When a health agency collects health information from the person the information is about, it has to take reasonable steps to make sure that person knows things like:

  • why it is being collected
  • who will get the information
  • whether the person has to give the information or whether this is voluntary
  • what will happen if the information isn’t provided.

Sometimes there are good reasons for not letting a person know about the collection, for example, if it would undermine the purpose of the collection, or it’s just not possible to tell the person.

Full rule

(1) Where a health agency collects health information directly from the individual concerned, or from the individual’s representative, the health agency must take such steps as are, in the circumstances, reasonable to ensure that the individual concerned (and the representative if collection is from the representative) is aware of:

(a) the fact that the information is being collected;

(b) the purpose for which the information is being collected;

(c) the intended recipients of the information;

(d) the name and address of:

(i) the health agency that is collecting the information; and

(ii) the agency that will hold the information;

(e) whether or not the supply of the information is voluntary or mandatory and if mandatory the particular law under which it is required;

(f) the consequences (if any) for that individual if all or any part of the requested information is not provided; and

(g) the rights of access to, and correction of, health information provided by rules 6 and 7.

(2) The steps referred to in subrule (1) must be taken before the information is collected or, if that is not practicable, as soon as practicable after it is collected.

(3) A health agency is not required to take the steps referred to in subrule (1) in relation to the collection of information from an individual, or the individual’s representative, if that agency has taken those steps in relation to the collection, from that individual or that representative, of the same information or information of the same kind for the same or a related purpose, on a recent previous occasion.

(4) It is not necessary for a health agency to comply with subrule (1) if the agency believes on reasonable grounds:

(a) […]

Note: Subrule 3(4)(a) was revoked by Amendment No 4.

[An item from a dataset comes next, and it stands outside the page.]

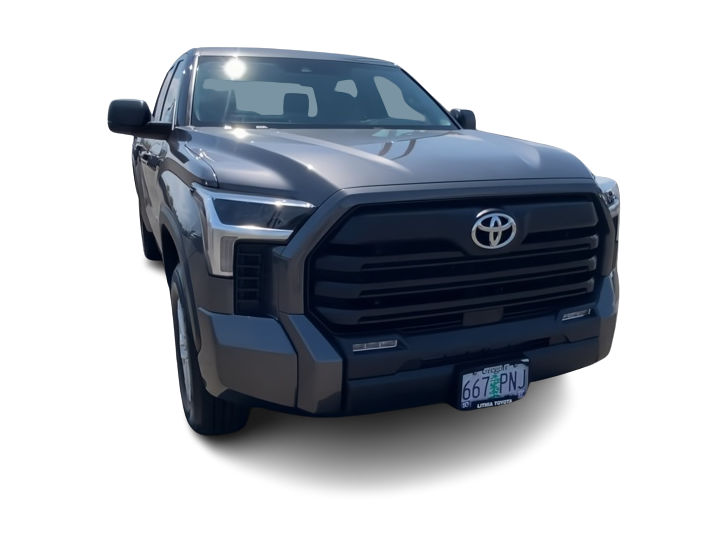 Thumbnail: 2023 Toyota Tundra - 4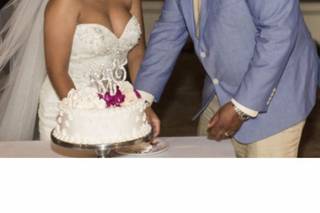 Chasity Artistry Wedding Center - 82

(b) that compliance would:

(i) prejudice the interests of the individual concerned; or

(ii) prejudice the purposes of collection;

(c) that compliance is not reasonably practicable in the circumstances of the particular case; or

(d) that non-compliance is necessary to avoid prejudice to the maintenance of the law by any public sector agency, including the prevention, detection, investigation, prosecution, and punishment of offences.

Note: An action is not in breach of this rule if it is authorised or required by or under law: Privacy Act, section 7(4).